Thank you so much for those details. I appreciat tht you are asking fo objectivity as well, because I know that when it comes to matters of the heart., things can get very blurry.

In just reading how you answered my questions, If you go back and reread your eloquent reply, you should see that you made actually made it pretty clear that you know what the path is that you want to travel and you are confident he is not the person to travel it with. While you once liked a little adventure, you now seek calmer waters and certainly are deserving of the commitment from a man who isn't going to prioritize himself and his needs above you on a consistent basis. It sounds like you also know that while agreeing to see him comes with some spark of optimism and interest, it does ultimately make you feel bad and regret your choices. So that momentary happiness is ultimately outweighed, yet again, by something negative.
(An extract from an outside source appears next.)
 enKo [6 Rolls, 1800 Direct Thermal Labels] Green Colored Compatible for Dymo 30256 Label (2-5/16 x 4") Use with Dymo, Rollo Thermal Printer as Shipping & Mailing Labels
Here is my objectivity- I really think you need to stop seeing this man. Moving past a relationship that is still in plain site is virtually impossible. Plus, this person knows you and is cunning - he has ability to manipulate you so you have to cease allowing him this power. In other words, set your boundary and stick to it. In doing so, you will not only find yourself more confident about pursuing what you truly deserve, but also allow windows for other people to be ufully open as opposed to just half open like they are as long as this person stays on your radar. It may not be easy but to me you sound like you are ready to say goodbye once and for all, and now just need to pull the trigger and make that happen. The loss will still hurt as they always do, but the lingering sting of hope lost will no longer weigh heavily on you. And like I said, it will allow your mind to finally be open to new, exciting and promising others, which really could lead you to someone who gives you all you need, want and deserve.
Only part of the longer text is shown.